Common error: Students sometimes assume that because a matrix is square, it must be invertible. This is incorrect. A square matrix with determinant zero is singular.

Mistake 3: Misunderstanding Diagonalizability

A third misconception is that all square matrices can be diagonalized, or that diagonalizability depends only on having distinct eigenvalues.

According to ^{[diagonalizable-matrix]}, a matrix $A$ is diagonalizable if there exists an invertible matrix $P$ and a diagonal matrix $D$ such that:

$$A = PDP^{-1}$$

The columns of $P$ must be linearly independent eigenvectors of $A$. This is the key requirement: we need enough linearly independent eigenvectors to form a basis.

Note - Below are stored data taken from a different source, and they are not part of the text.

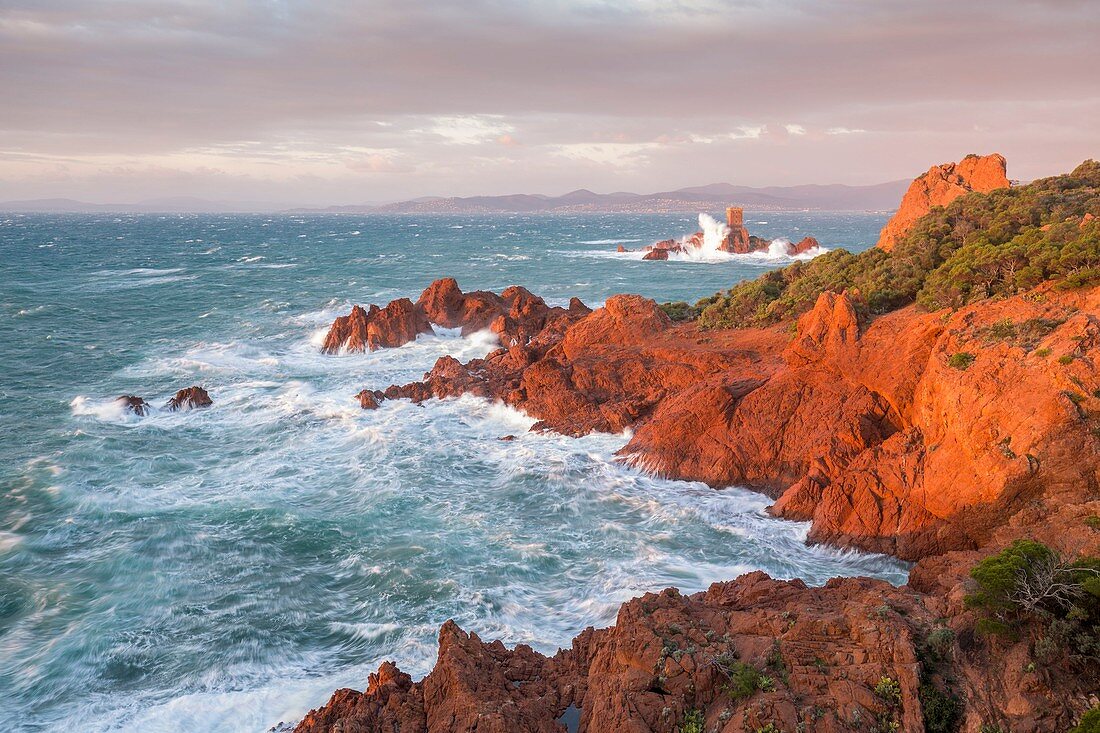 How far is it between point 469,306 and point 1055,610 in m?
35.8

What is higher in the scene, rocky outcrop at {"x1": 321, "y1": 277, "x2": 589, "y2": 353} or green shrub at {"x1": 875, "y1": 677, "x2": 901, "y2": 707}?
rocky outcrop at {"x1": 321, "y1": 277, "x2": 589, "y2": 353}

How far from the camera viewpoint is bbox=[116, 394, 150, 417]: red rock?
2991 cm

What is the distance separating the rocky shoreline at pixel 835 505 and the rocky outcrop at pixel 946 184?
19568 mm

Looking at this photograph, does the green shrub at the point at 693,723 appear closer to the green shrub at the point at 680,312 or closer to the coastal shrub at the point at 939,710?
the coastal shrub at the point at 939,710

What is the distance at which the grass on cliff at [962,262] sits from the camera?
20.6 meters

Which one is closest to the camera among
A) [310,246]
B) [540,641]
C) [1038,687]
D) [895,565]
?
[1038,687]

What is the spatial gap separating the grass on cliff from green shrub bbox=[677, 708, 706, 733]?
16770 mm

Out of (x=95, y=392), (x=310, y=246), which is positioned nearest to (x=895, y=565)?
(x=95, y=392)

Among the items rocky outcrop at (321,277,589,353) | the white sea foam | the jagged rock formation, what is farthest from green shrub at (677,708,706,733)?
rocky outcrop at (321,277,589,353)

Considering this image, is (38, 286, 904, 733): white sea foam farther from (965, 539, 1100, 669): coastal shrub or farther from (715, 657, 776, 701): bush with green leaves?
(965, 539, 1100, 669): coastal shrub

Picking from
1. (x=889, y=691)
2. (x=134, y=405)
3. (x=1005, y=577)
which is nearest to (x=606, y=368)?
(x=1005, y=577)

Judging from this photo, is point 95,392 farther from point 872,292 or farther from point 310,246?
point 310,246

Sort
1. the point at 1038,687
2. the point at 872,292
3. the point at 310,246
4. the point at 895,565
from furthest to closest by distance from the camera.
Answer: the point at 310,246, the point at 872,292, the point at 895,565, the point at 1038,687

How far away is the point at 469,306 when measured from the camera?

A matrix with repeated eigenvalues may or may not be diagonalizable. If an eigenvalue has algebraic multiplicity greater than its geometric multiplicity (the dimension of the corresponding eigenspace), the matrix cannot be diagonalized. Not all square matrices are diagonalizable.

Implication: Diagonalization is a powerful tool ^{[diagonalizable-matrix]} for simplifying matrix powers and solving differential equations, but it is not always available. Checking diagonalizability requires computing eigenvalues and verifying that enough linearly independent eigenvectors exist.

Worked Examples

Example 1: Non-Commutativity in Practice

Suppose we need to solve $B^{-1}(A - X) = AX$ for $X$, where $A$ and $B$ are invertible matrices.

Multiplying both sides by $B$ on the left: $A - X = B \cdot AX$

Rearranging: $A = X + BAX = X(I + BA)$

Thus: $X = A(I + BA)^{-1}$

Note that we cannot write $X = (BA + I)^{-1}A$ unless we are careful about order. In fact, ^{[matrix-equation-solution]} shows that the correct solution is $X = (BA + I)^{-1}A$, which requires understanding that $(I + BA)^{-1}$ and $(BA + I)^{-1}$ are the same (addition is commutative), but the position of $A$ relative to the inverse matters crucially.

Example 2: Determinant and Invertibility

Consider the matrix $A = \begin{pmatrix} 2 & 4 \\ 1 & 2 \end{pmatrix}$.

Computing the determinant: $\det(A) = (2)(2) - (4)(1) = 4 - 4 = 0$

Since $\det(A) = 0$, the matrix is singular and has no inverse. The second row is a scalar multiple of the first, so the columns are linearly dependent. The transformation collapses 2D space onto a line.

Example 3: Checking Diagonalizability

Consider $A = \begin{pmatrix} 2 & 1 \\ 0 & 2 \end{pmatrix}$.

The characteristic polynomial is $\det(A - \lambda I) = (2 - \lambda)^2 = 0$, giving $\lambda = 2$ with algebraic multiplicity 2.

To find eigenvectors, solve $(A - 2I)v = 0$: $\begin{pmatrix} 0 & 1 \\ 0 & 0 \end{pmatrix} \begin{pmatrix} v_1 \\ v_2 \end{pmatrix} = 0$

This gives $v_2 = 0$, so eigenvectors are of the form $\begin{pmatrix} v_1 \\ 0 \end{pmatrix}$. The eigenspace is 1-dimensional.

Since the geometric multiplicity (1) is less than the algebraic multiplicity (2), the matrix is not diagonalizable. We cannot find two linearly independent eigenvectors.

References

• ^{[matrix-multiplication]}
• ^{[determinant-of-a-matrix]}
• ^{[determinant-properties]}
• ^{[matrix-equation-solution]}
• ^{[diagonalizable-matrix]}
• ^{[determinant-properties]}
• ^{[determinant-of-a-matrix]}
• ^{[matrix-inversion-formula]}
• ^{[diagonalizable-matrix]}

AI Disclosure

This article was drafted with AI assistance. The structure, examples, and explanations were generated based on the provided class notes. All mathematical claims are grounded in the cited notes; no external sources were consulted. The worked examples were constructed to illustrate the misconceptions discussed and have been verified for correctness.